Work item - Transcribe, leaving out every picture, the lines that run from the start of the listing below through the line with "view of pool".

===============

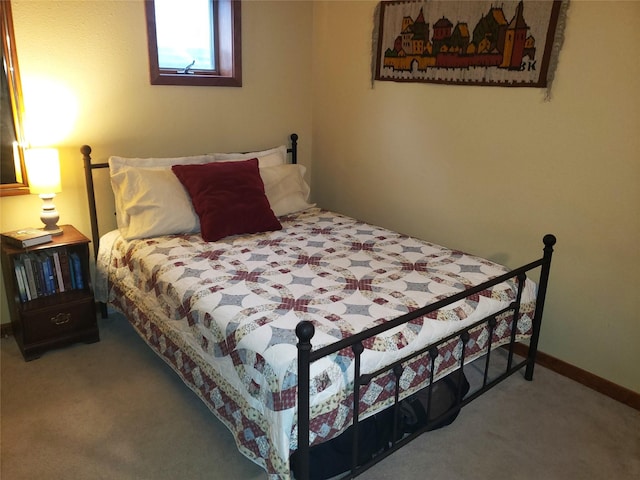 bedroom featuring carpet flooring and baseboards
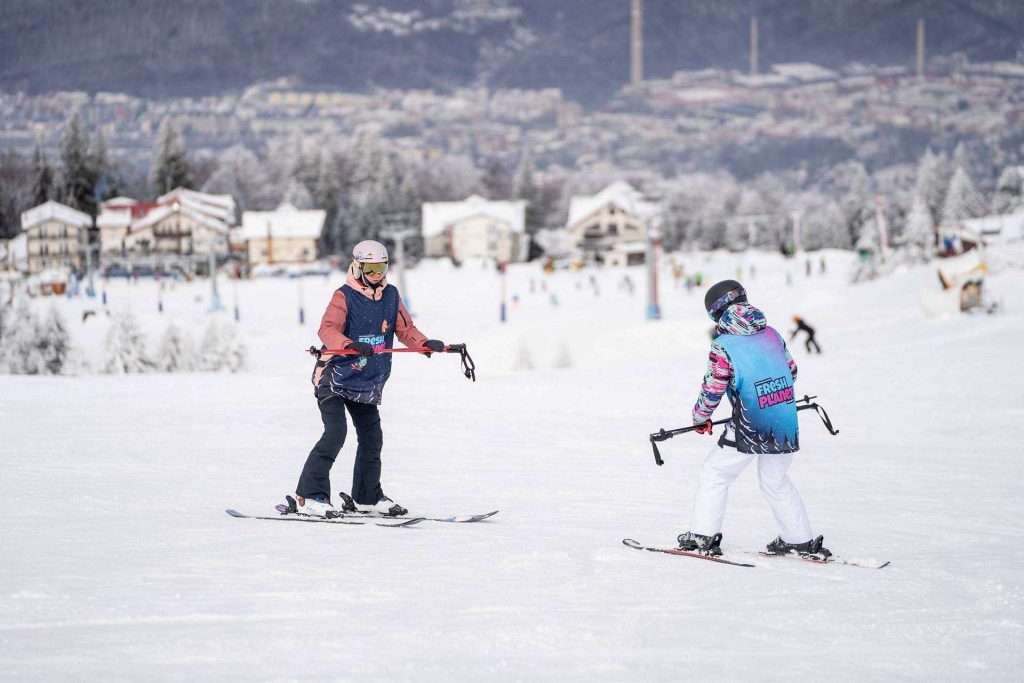 Two skiers glide on a snowy slope with a town and snow-covered trees in the background, during daytime winter scenery.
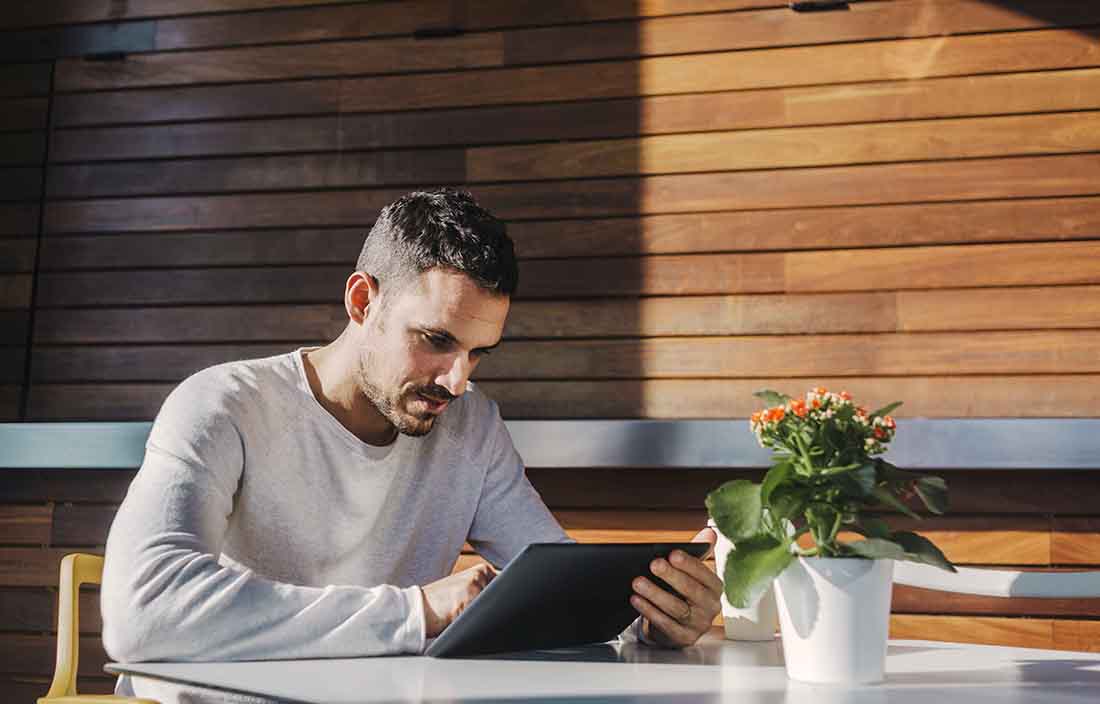 Business professional using a handheld tablet while sitting at a cafe table.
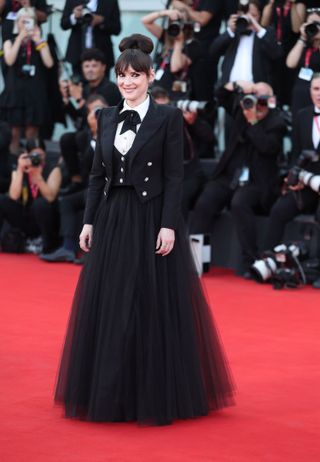 Winona Ryder wears a black gown on the red carpet at the 2024 Venice Film Festival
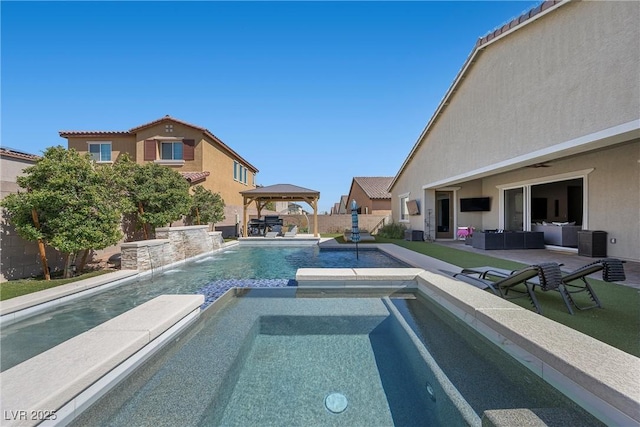 view of pool with a gazebo, a patio area, a pool with connected hot tub, and a fenced backyard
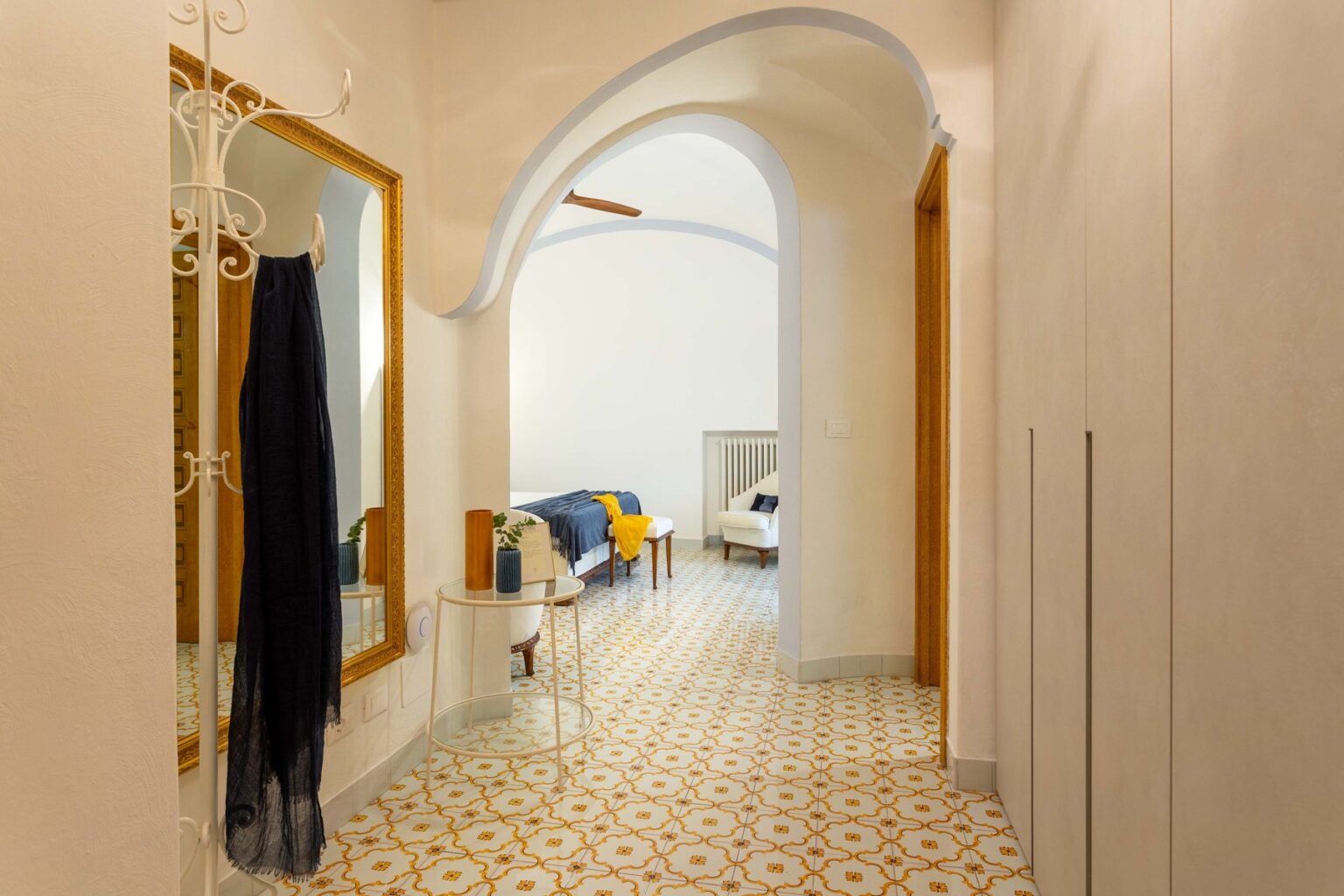 Bright and inviting hallway featuring an arched entrance, decorative mirror, stylish coat rack, and patterned tiled floor, leading to a cozy living area with colorful accents. | Only on SopranoVillas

===============

Result -
 bedroom featuring carpet flooring and baseboards
 Two skiers glide on a snowy slope with a town and snow-covered trees in the background, during daytime winter scenery.
 Business professional using a handheld tablet while sitting at a cafe table.
 Winona Ryder wears a black gown on the red carpet at the 2024 Venice Film Festival
 view of pool with a gazebo, a patio area, a pool with connected hot tub, and a fenced backyard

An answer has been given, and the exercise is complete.